Fig. 1: Dynamical stability of the spintronic Kapitza pendulum.

a, Schematics of the mechanical Kapitza pendulum with and without an external drive. mg represents the gravitational force on the bob. b–d, Schematics of different magnetization switching and stability processes illustrated within the angular dependence of magnetic energy (U): field-induced switching (b), STT switching (c) and dynamical stability (d). θ is defined by the relative angle between the external magnetic field (H_ext) and magnetic moment (M). See below for the mechanism of each process. e, Analogy between the Kapitza pendulum and dynamical stabilization by spin transfer in an isotropic magnet.

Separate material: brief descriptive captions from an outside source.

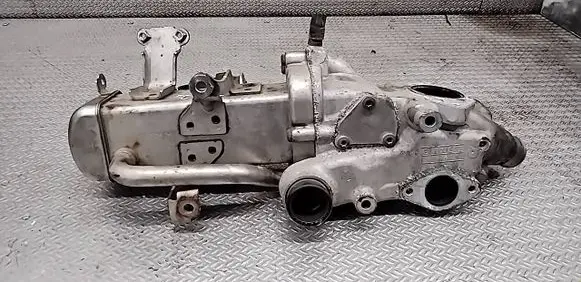 Opel Zafira C EGR valve cooler 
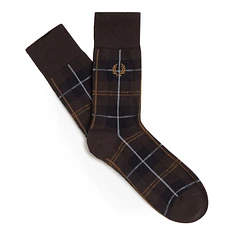 Fred Perry - Tartan Sock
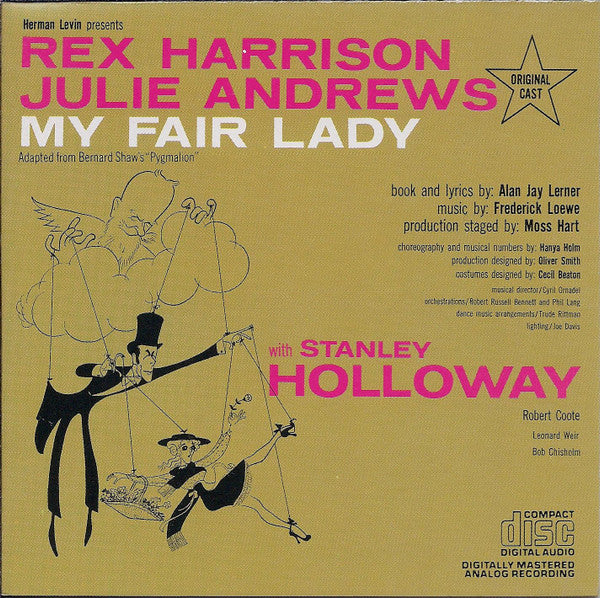 My Fair Lady (1959 Original London Cast) CD - Used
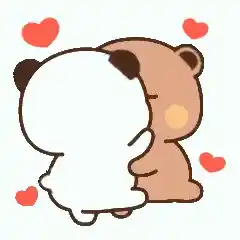 R&M Bears Hugging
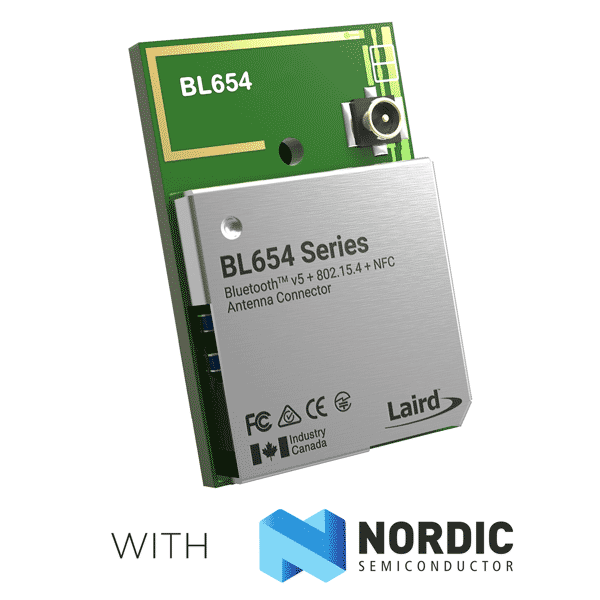 BL654 with Nordic Logo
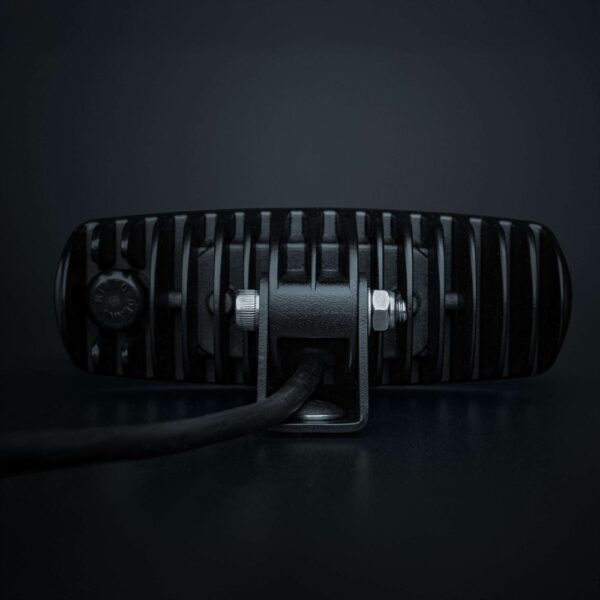 Nuuk E-Line Black R 13W, backljus, Flood, DT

The magnetic field provides a minimum and maximum of potential energy as the gravitational field does, and the STT plays the role of dynamical driving that controls their stability. Note that the arrows piercing through the conduction electrons (solid spheres) represent their spin pointing opposite to their magnetic moment. f, A typical solution of the stochastic LLG equation for a macrospin in an isotropic magnet. The initial condition is set at the south pole (red dot) and due to the anti-damping STT exceeding the Gilbert damping torque, the state precesses away from the field direction and settles around the inverted state (yellow dot). The coloured dots on the sphere have the corresponding potential energy values indicated in d.